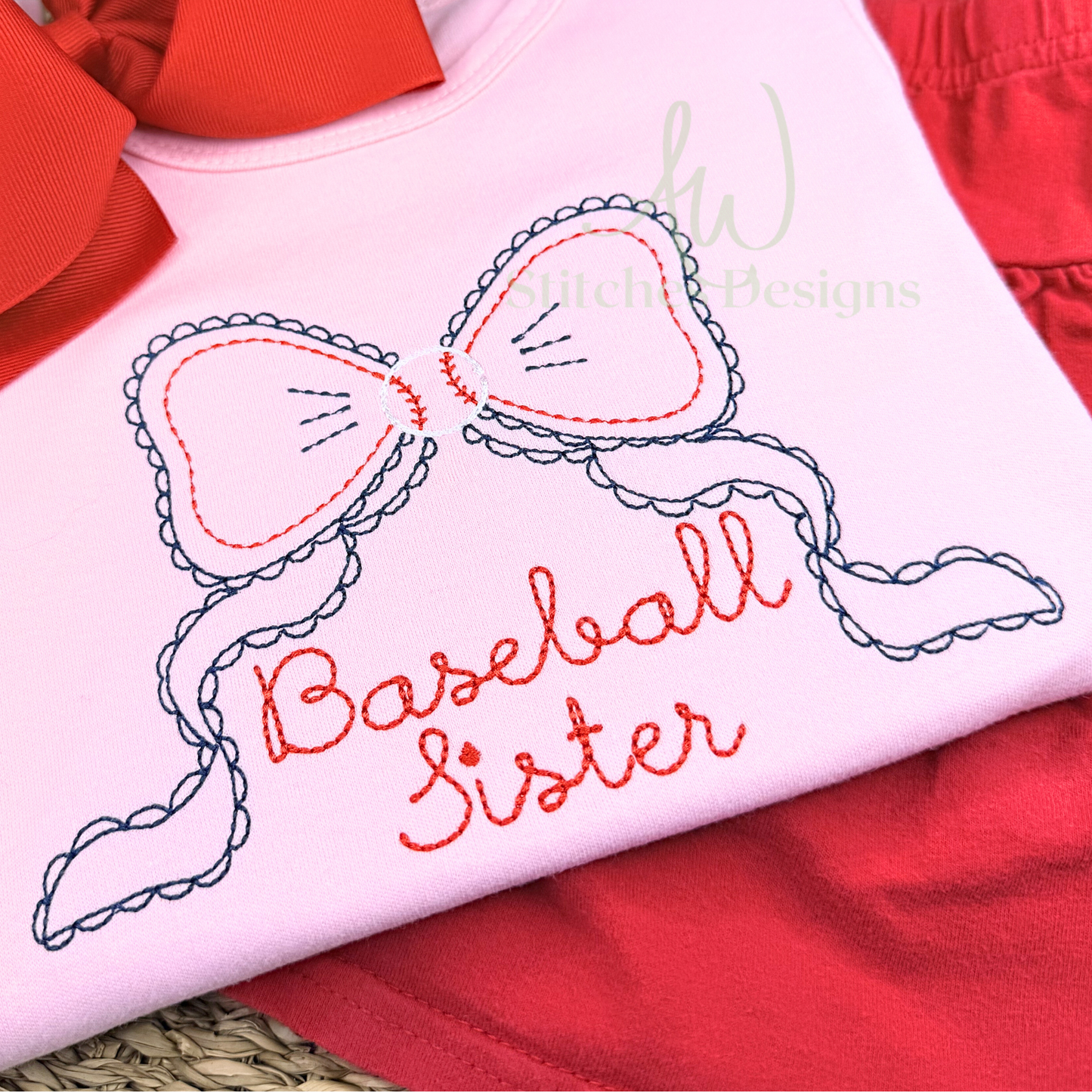 Baseball Bow Embroidery Design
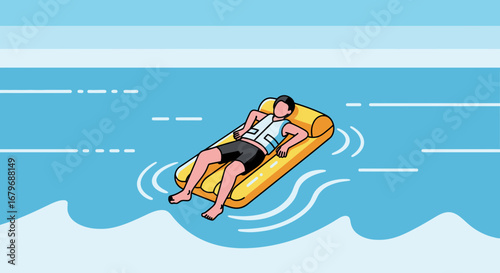 Enjoying Watersport Relaxation: Floating on a Sunny Day with Life Vest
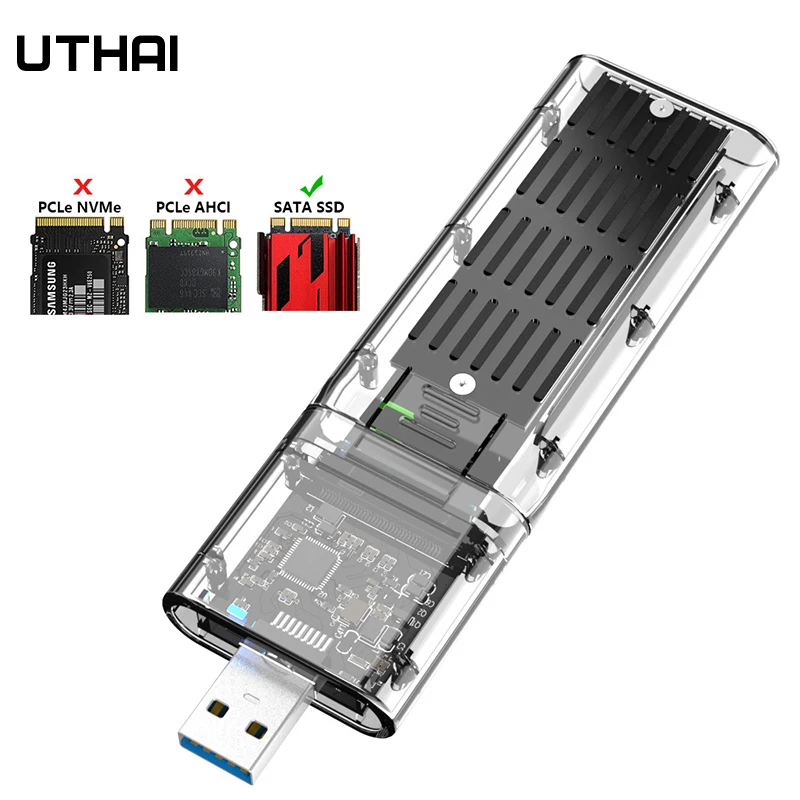 UTHAI M2 SSD чехол SATA шасси M.2 к USB 3 0 адаптер для PCIE NGFF M / B Ключ диск коробка чехол|Корпус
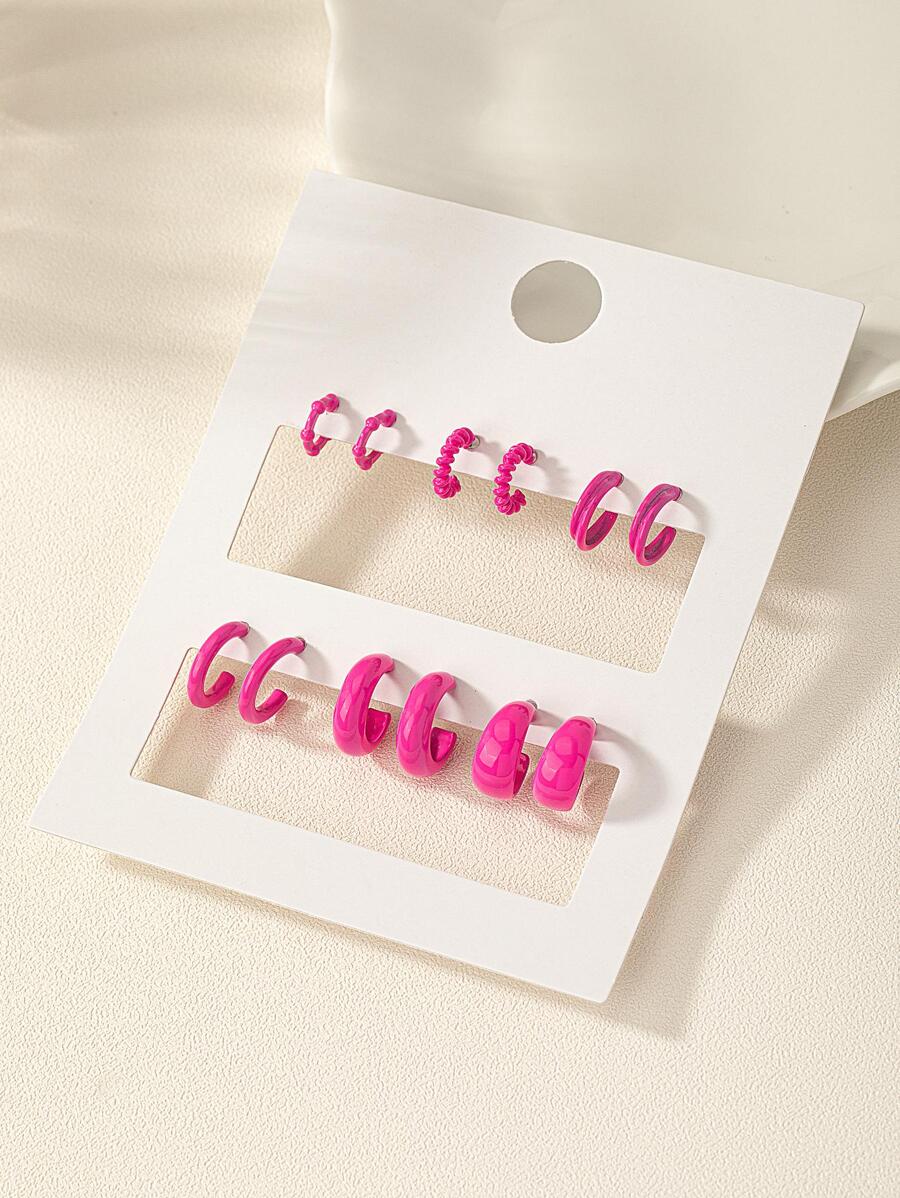 6 雙幾何創意時尚極簡主義日常精緻釘式耳環，適合女性日常佩戴 - 玫紅色 - 查看 1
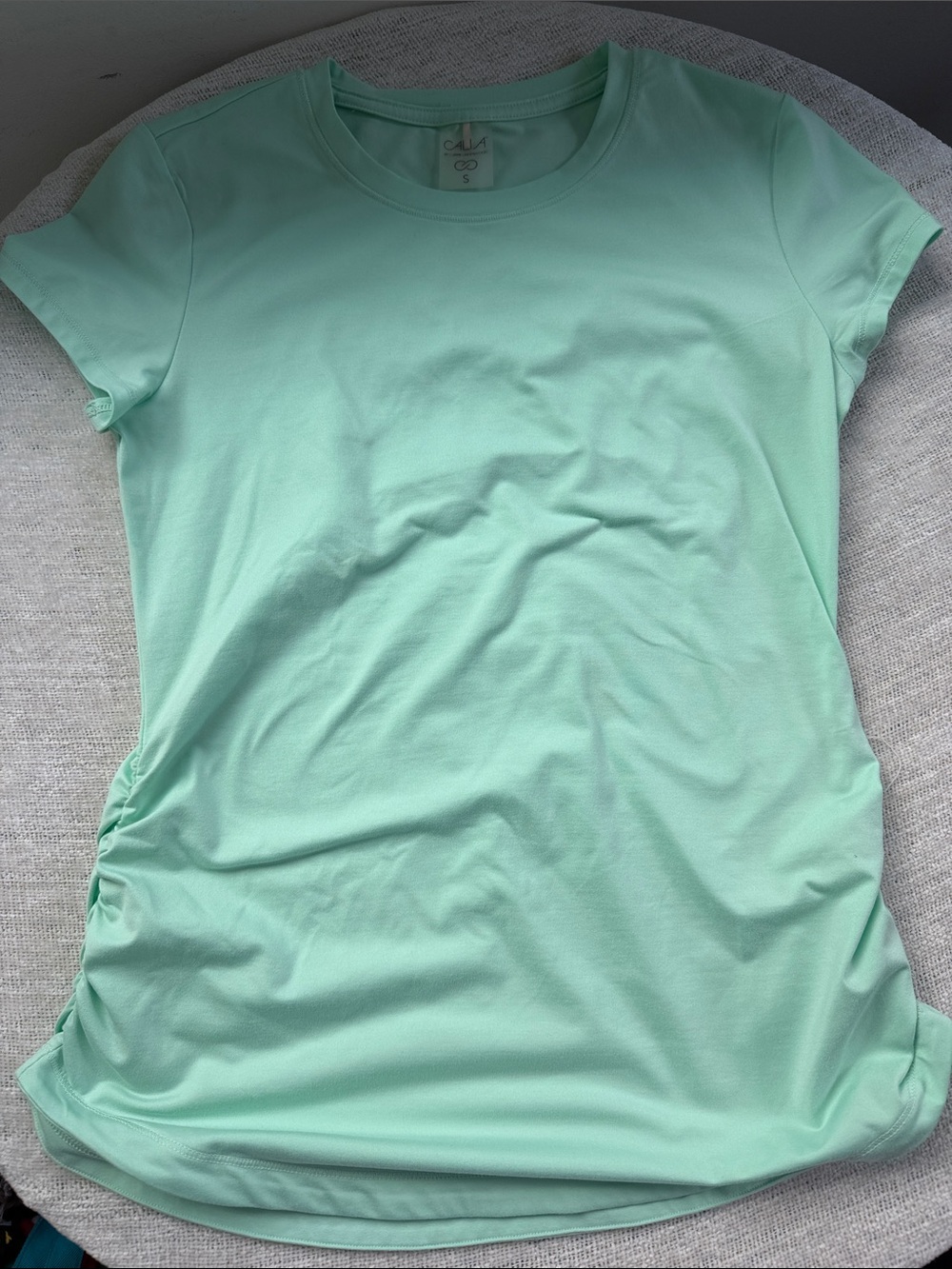 CALIA by Carrie Underwood - Women's Mint Crewneck Tee with Side Ruching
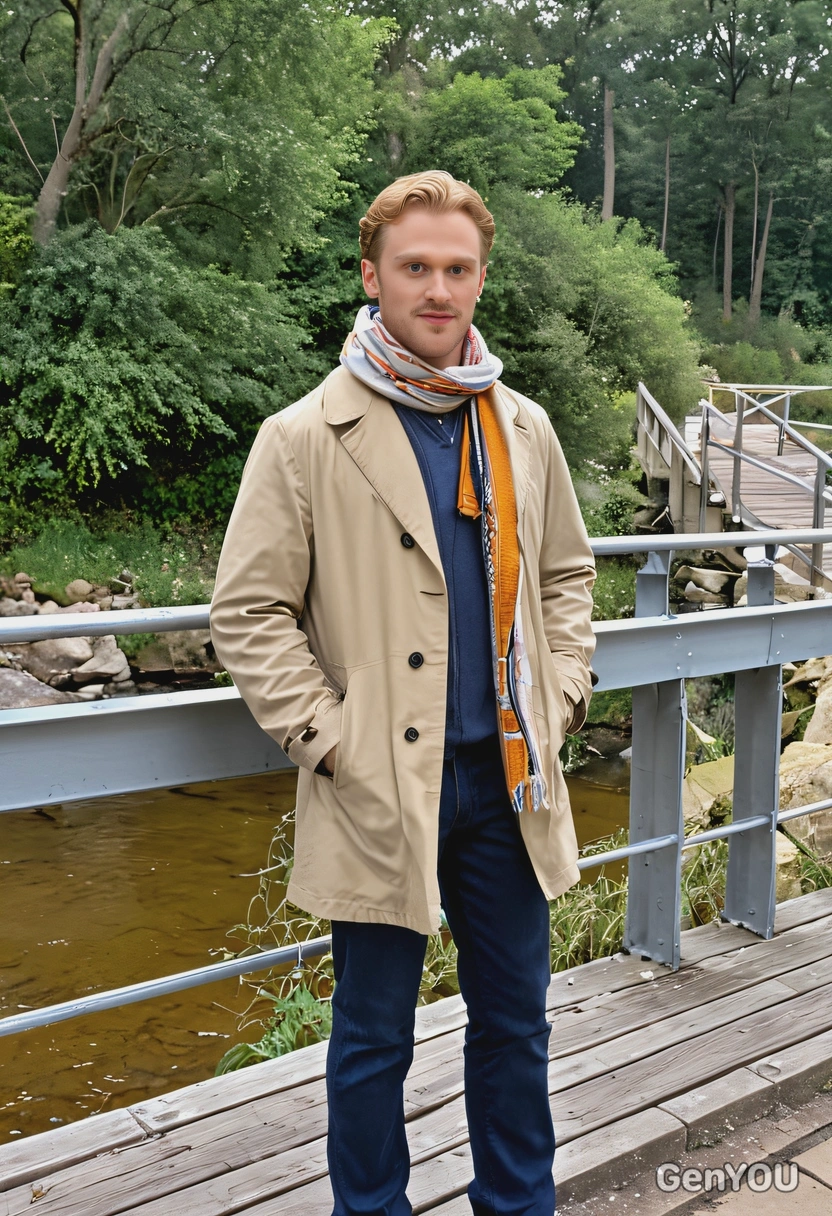 wearing a lightweight coat and scarf, standing on a bridge over a gentle stream
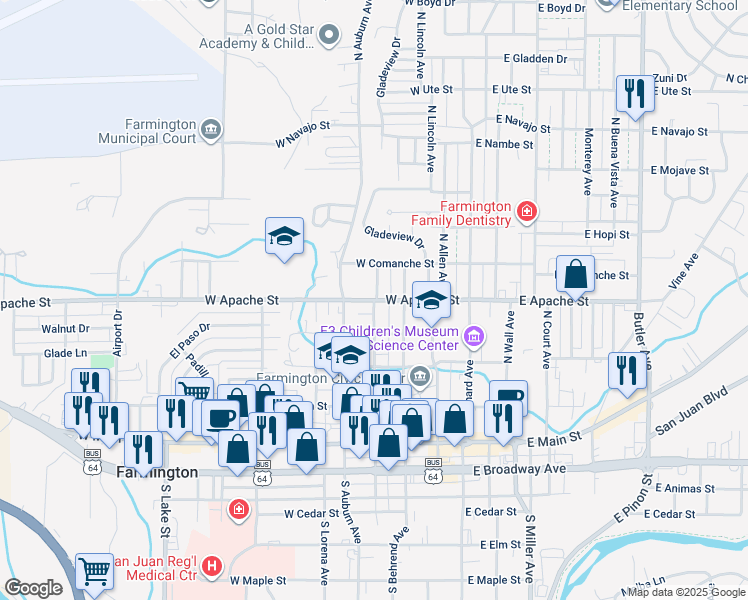 map of restaurants, bars, coffee shops, grocery stores, and more near 493 West Apache Street in Farmington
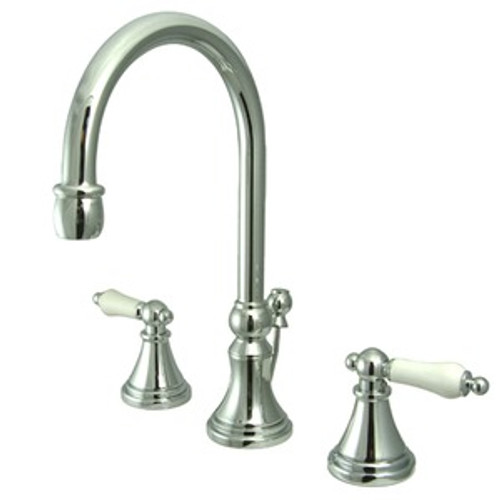 Kingston Brass Two Handle 8" to 16" Widespread Lavatory Faucet with Brass Pop-Up Drain - Polished Chrome KS2981PL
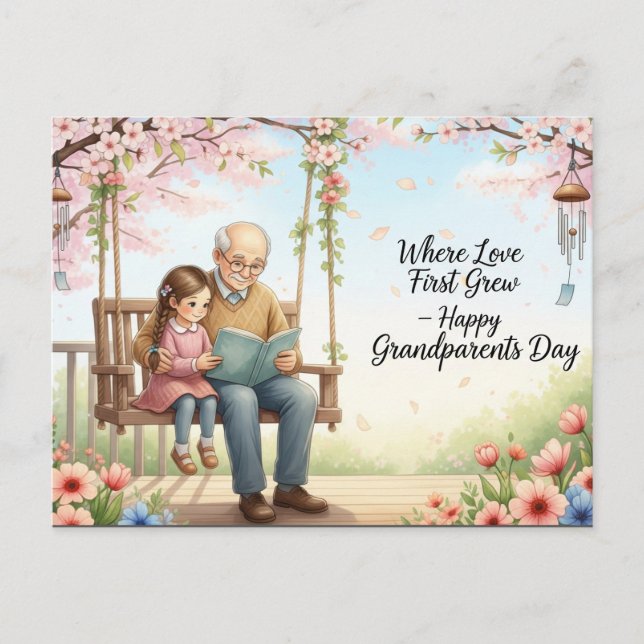 Postkort för morföräldrars lycklig vykort (Framsida)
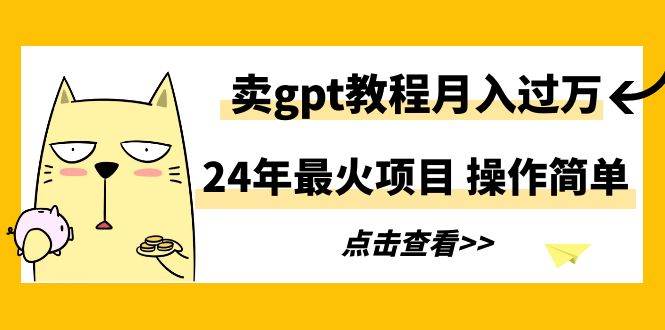 （9180期）24年最火项目，卖gpt教程月入过W，操作简单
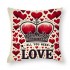 Ulloord Tree Valentine pillow Cover Happy Valentines Day Throw pillow Covers Vintage Red Truck&nbsp;Bicycle&nbsp;&nbsp;Roses Cushion Cover Home Decor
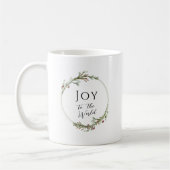 ミニマルな植物のリース Joy to the World コーヒーマグカップ (左)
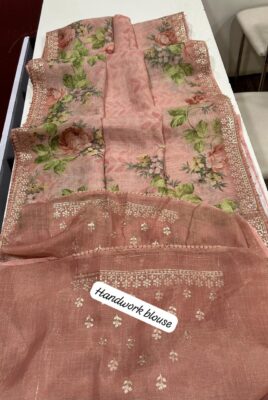 Premium Linen Tissue Digital Printed Sarees (14)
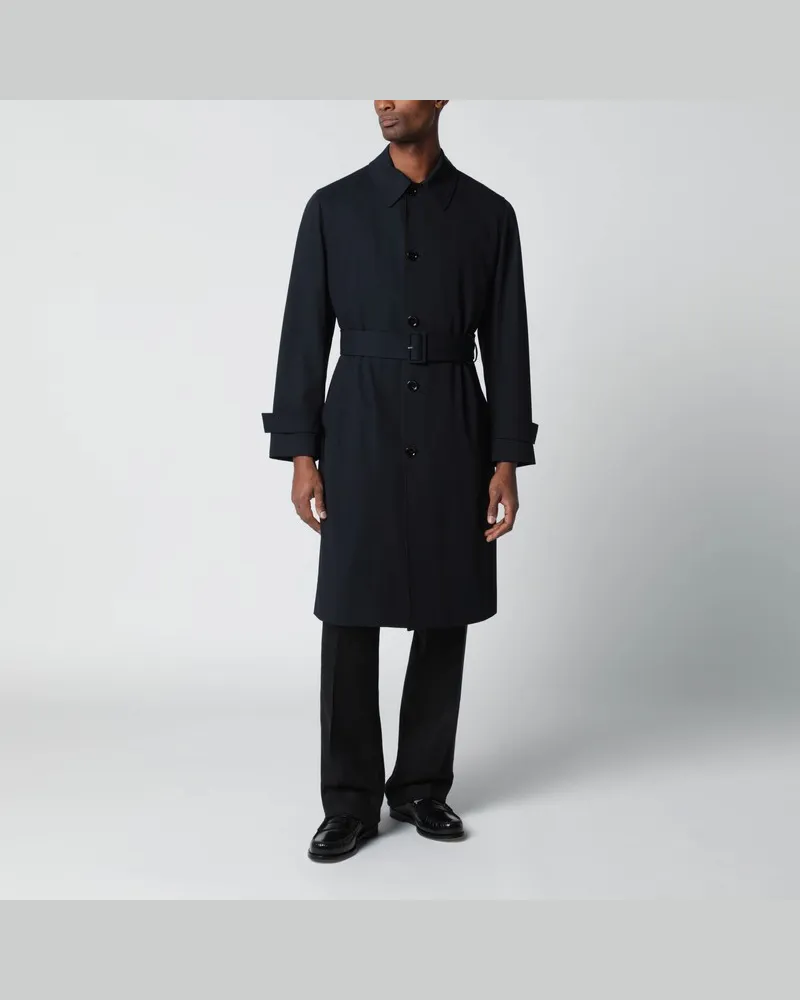 LARDINI Blauer einreihiger Trenchcoat aus Wolle Blau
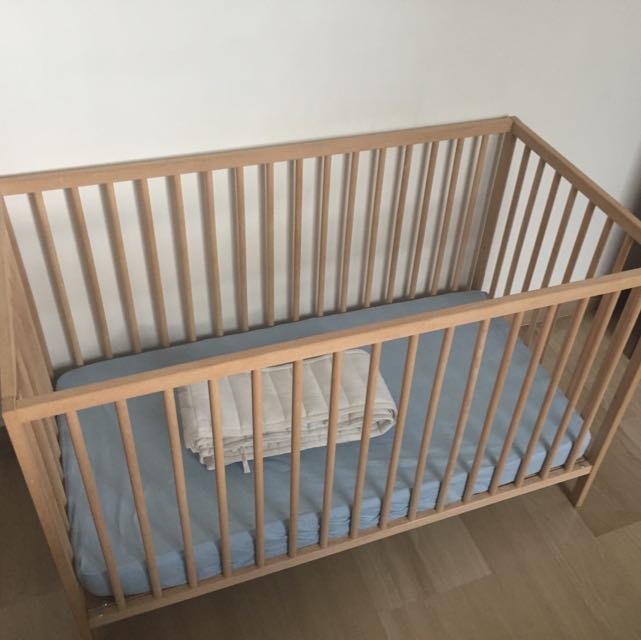 Ikea Cot And Mattress With Bumper, Babies & Kids, Baby Nursery & Kids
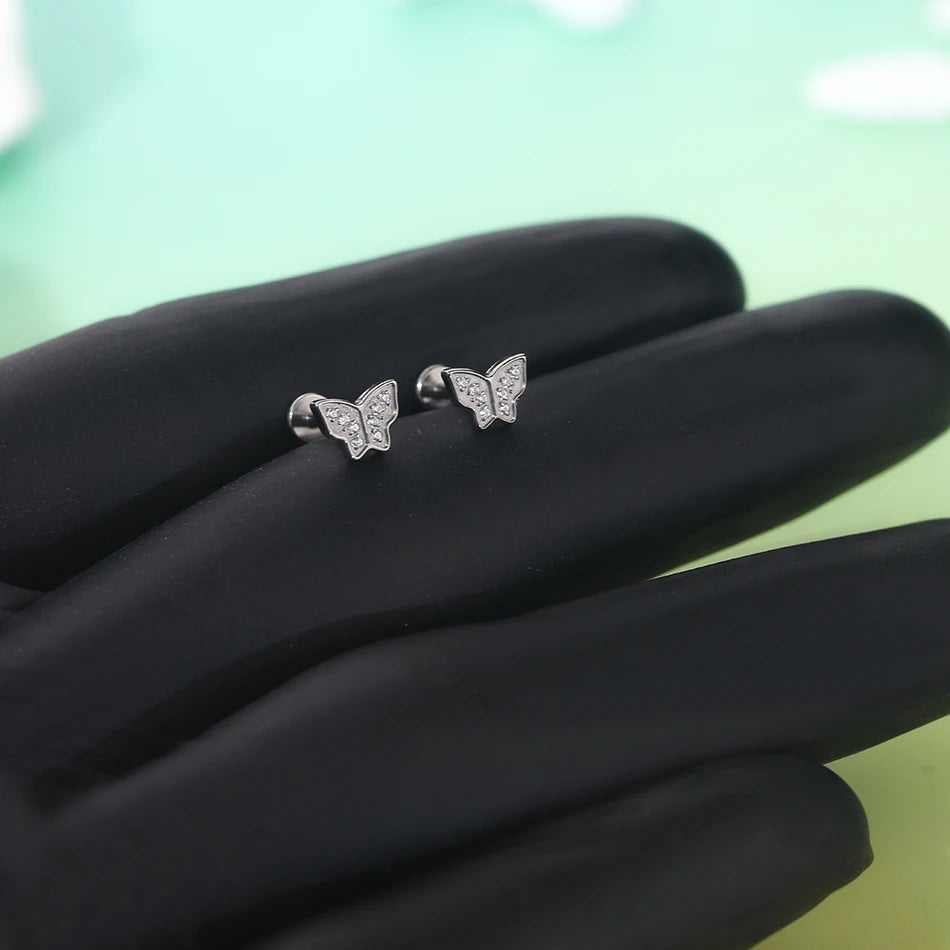 1/5PCS Titanium 16G Tragus Daith Helix Lobe Ear Piercing for Women Leaf Star Zircon Cartilage Stud Earring Piercing Jewelry Gift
○ ○ ○ ○ ○ ○ ○
* _WORK REQUEST_:
Please output the listing above exactly from its first line through the line with "map of restaurants, bars, coffee", both included, and nothing beyond that line. Omit pictures.

* _ANSWER SECTION_:
 Baseball Bow Embroidery Design
 Enjoying Watersport Relaxation: Floating on a Sunny Day with Life Vest
 UTHAI M2 SSD чехол SATA шасси M.2 к USB 3 0 адаптер для PCIE NGFF M / B Ключ диск коробка чехол|Корпус
 6 雙幾何創意時尚極簡主義日常精緻釘式耳環，適合女性日常佩戴 - 玫紅色 - 查看 1
 CALIA by Carrie Underwood - Women's Mint Crewneck Tee with Side Ruching
 wearing a lightweight coat and scarf, standing on a bridge over a gentle stream
 map of restaurants, bars, coffee shops, grocery stores, and more near 493 West Apache Street in Farmington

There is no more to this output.